Because this format is plaintext JSON or YAML, index maintainers can easily manipulate index metadata by hand or with widely known and supported JSON or YAML tooling (e.g. jq).

This editability enables features and user-defined extensions, such as:

  • Promoting an existing bundle to a new channel
  • Changing the default channel of a package
  • Custom algorithms for adding, updating, adding removing upgrade edges

Composability

File-based catalogs are stored in an arbitrary directory hierarchy, which enables index composition. If I have two separate file-based catalog directories, indexA and indexB, I can make a new combined index by making a new directory indexC and copying indexA and indexB into it.

This composability enables decentralized indexes.
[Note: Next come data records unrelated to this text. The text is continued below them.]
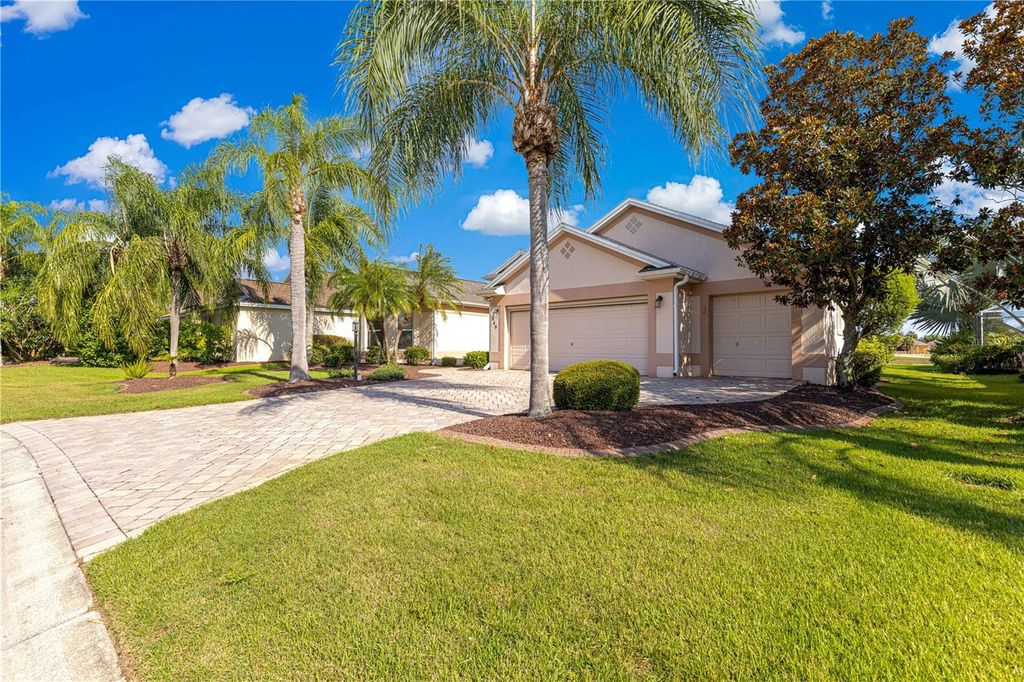 Photo of 949 Isle Of Palms Path, The Villages, FL 32162 (MLS # G5100660)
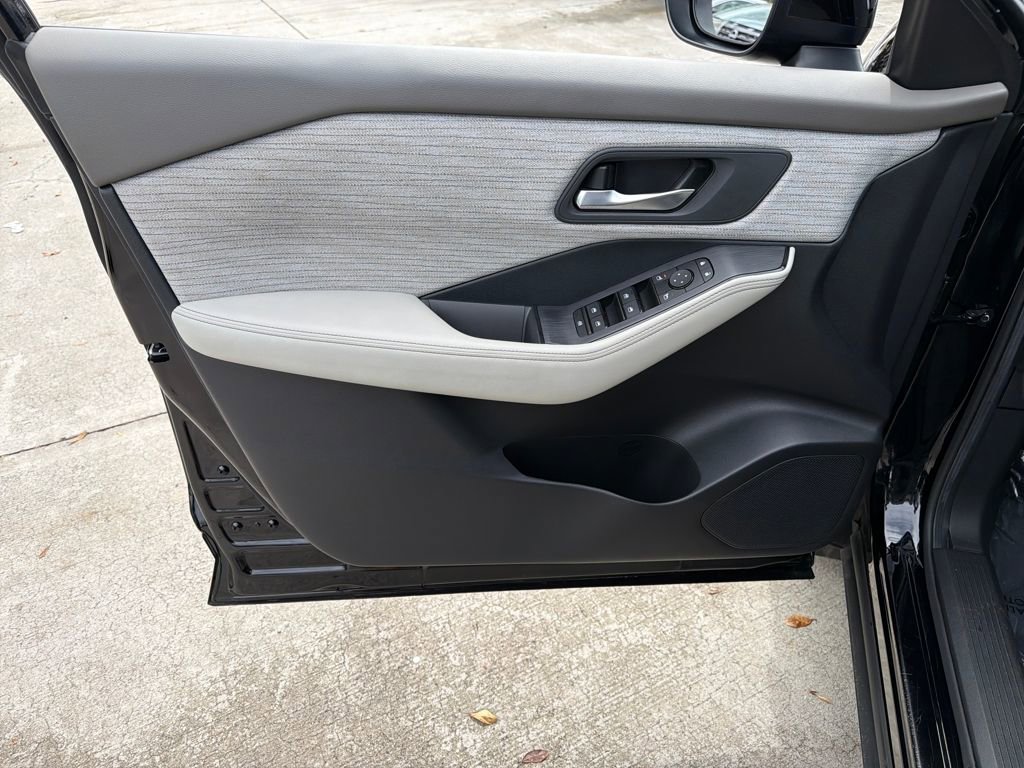 Used 2023 Nissan Rogue SV FWD image 17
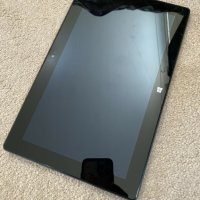 Продавам 10.6" таблет Microsoft Surface RT 32GB Wi-Fi 10.6" Dark Titanium, снимка 2 - Таблети - 32943560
The format permits operator authors to maintain operator-specific indexes and index maintainers to trivially build an index composed of individual operator indexes.
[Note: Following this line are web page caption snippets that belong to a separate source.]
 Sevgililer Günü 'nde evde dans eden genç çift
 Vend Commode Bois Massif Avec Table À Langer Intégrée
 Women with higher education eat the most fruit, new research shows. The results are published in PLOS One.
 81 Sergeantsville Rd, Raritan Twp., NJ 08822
NOTE: Duplicate packages and duplicate bundles within a package are not permitted. The opm validate command will return an error if any duplicates are found.
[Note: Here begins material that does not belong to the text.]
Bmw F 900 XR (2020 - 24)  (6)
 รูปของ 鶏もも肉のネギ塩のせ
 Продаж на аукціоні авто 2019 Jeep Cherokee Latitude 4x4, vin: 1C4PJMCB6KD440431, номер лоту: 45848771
Since operator authors are most familiar with their operator, its dependencies, and its upgrade compatibility, they are able to maintain their own operator-specific index and have direct control over its contents. With file-based catalogs, operator authors own the task of building and maintaining their packages in an index. Composite index maintainers treat packages as a black box; they own the task of curating the packages in their catalog and publishing the catalog to users.

File-based catalogs can be composed by combining multiple other catalogs or by extracting subsets of one catalog, or a combination of both of these.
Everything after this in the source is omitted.